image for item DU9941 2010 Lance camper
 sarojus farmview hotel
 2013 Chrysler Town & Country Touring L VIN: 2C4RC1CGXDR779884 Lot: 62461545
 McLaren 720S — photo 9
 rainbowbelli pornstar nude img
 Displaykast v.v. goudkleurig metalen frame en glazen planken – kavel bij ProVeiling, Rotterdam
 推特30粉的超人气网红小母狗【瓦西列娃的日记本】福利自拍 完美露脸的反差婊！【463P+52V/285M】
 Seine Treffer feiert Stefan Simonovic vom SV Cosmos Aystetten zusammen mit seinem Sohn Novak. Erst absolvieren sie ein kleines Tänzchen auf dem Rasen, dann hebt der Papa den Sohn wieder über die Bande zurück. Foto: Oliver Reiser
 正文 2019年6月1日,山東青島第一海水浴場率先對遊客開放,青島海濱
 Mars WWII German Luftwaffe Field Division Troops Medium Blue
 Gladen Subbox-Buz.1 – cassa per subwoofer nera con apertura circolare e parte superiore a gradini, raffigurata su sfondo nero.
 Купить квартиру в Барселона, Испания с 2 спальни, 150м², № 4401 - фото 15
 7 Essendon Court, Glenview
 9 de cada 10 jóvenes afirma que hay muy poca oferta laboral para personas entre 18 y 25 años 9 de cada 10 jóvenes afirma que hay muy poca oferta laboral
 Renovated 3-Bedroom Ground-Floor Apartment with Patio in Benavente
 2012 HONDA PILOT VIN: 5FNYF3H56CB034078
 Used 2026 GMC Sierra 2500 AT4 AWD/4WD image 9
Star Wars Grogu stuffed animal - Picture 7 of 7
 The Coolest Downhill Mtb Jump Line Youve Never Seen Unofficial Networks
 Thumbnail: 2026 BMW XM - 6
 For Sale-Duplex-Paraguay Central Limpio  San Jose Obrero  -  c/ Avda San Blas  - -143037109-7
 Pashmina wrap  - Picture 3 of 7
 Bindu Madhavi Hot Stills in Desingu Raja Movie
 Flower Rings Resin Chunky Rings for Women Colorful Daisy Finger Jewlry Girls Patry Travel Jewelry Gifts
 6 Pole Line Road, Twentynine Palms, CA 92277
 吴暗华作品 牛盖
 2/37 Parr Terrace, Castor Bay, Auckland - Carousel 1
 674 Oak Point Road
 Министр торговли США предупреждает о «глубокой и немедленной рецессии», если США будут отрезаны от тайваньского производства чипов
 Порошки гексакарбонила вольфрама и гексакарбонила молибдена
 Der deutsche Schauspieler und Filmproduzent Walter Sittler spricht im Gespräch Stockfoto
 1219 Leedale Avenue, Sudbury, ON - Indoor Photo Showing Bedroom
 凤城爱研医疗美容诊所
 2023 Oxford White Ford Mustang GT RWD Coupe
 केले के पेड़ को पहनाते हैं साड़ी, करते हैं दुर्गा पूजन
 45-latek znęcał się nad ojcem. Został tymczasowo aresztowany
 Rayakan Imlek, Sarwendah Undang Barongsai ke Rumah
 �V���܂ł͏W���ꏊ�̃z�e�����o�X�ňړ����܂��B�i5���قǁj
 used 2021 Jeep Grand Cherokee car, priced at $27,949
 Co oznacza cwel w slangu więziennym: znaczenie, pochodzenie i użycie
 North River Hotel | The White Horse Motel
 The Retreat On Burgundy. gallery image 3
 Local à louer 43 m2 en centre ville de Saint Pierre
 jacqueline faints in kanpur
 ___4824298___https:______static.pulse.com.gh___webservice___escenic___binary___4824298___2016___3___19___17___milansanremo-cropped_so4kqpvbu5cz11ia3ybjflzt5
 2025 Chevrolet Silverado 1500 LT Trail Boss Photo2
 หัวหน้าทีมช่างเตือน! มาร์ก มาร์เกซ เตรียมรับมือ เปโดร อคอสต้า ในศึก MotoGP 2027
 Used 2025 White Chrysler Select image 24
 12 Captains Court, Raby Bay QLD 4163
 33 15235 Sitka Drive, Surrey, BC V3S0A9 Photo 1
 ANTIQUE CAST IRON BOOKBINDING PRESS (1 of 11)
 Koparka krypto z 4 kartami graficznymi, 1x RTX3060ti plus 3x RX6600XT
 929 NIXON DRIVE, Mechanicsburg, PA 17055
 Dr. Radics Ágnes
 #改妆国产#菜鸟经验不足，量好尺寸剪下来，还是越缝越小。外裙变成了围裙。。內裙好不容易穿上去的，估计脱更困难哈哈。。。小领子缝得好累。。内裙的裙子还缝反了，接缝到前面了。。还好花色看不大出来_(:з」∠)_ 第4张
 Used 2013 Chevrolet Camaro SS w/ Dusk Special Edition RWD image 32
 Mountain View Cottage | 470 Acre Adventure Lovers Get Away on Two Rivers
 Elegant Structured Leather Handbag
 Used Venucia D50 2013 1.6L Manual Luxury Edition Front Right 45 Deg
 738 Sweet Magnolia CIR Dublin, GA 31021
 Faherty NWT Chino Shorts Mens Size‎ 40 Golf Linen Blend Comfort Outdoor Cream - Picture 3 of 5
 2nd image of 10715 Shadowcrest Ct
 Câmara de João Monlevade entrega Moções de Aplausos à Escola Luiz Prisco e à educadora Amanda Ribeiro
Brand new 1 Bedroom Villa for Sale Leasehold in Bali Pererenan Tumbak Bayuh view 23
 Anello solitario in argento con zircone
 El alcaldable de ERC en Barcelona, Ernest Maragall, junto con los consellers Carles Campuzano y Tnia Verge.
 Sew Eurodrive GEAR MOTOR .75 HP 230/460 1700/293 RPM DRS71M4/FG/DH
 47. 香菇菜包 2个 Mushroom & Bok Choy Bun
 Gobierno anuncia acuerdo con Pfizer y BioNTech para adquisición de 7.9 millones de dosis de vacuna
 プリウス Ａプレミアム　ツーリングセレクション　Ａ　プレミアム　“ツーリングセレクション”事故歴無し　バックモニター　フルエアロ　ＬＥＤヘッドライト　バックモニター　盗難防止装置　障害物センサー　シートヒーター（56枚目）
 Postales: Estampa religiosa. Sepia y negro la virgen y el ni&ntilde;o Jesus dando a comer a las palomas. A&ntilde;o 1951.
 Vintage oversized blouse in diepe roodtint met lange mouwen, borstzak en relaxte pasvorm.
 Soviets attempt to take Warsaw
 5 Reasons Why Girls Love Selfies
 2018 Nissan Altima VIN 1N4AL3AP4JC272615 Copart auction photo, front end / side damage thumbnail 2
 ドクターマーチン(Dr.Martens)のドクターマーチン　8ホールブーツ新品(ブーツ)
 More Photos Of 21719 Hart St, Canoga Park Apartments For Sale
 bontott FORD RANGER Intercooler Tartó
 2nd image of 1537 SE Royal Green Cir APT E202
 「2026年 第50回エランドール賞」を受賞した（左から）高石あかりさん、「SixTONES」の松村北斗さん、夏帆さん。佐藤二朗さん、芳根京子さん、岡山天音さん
__________________________________________________
*YOUR GOAL*: Among the lines above, repeat exactly those from the line with "12 Captains Court, Raby Bay QLD 4163" to the line with "929 NIXON DRIVE, Mechanicsburg, PA 17055", counting both ends.

*RESPONSE BELOW*:
 12 Captains Court, Raby Bay QLD 4163
 33 15235 Sitka Drive, Surrey, BC V3S0A9 Photo 1
 ANTIQUE CAST IRON BOOKBINDING PRESS (1 of 11)
 Koparka krypto z 4 kartami graficznymi, 1x RTX3060ti plus 3x RX6600XT
 929 NIXON DRIVE, Mechanicsburg, PA 17055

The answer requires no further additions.